I see a lot of awesome photos of hummingbirds and I'm wondering how the members here set their cameras up to take those shots.

We have hummingbird feeders here and I would like to take some shots of my own for my wife. Suggestions?


----------



## cid (Mar 24, 2014)

EricFiskCGD said:


> I see a lot of awesome photos of hummingbirds and I'm wondering how the members here set their cameras up to take those shots.
> 
> We have hummingbird feeders here and I would like to take some shots of my own for my wife.
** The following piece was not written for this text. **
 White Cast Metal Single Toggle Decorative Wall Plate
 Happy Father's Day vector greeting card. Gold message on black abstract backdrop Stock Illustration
Suggestions?


well, maybe this can help, it's tutorial for 5D mk III written by cervantes (forum member)
forum discussion
direct tutorial link


----------



## cid (Mar 24, 2014)

I just looked at your signature, your camera probably doesn't have all the settings, but in general

high ISO setting - if you want to freeze action
Tv mode
AI Servo mode - for continous tracking
fast SD card - for high speed write in "burst mode" shooting[\li]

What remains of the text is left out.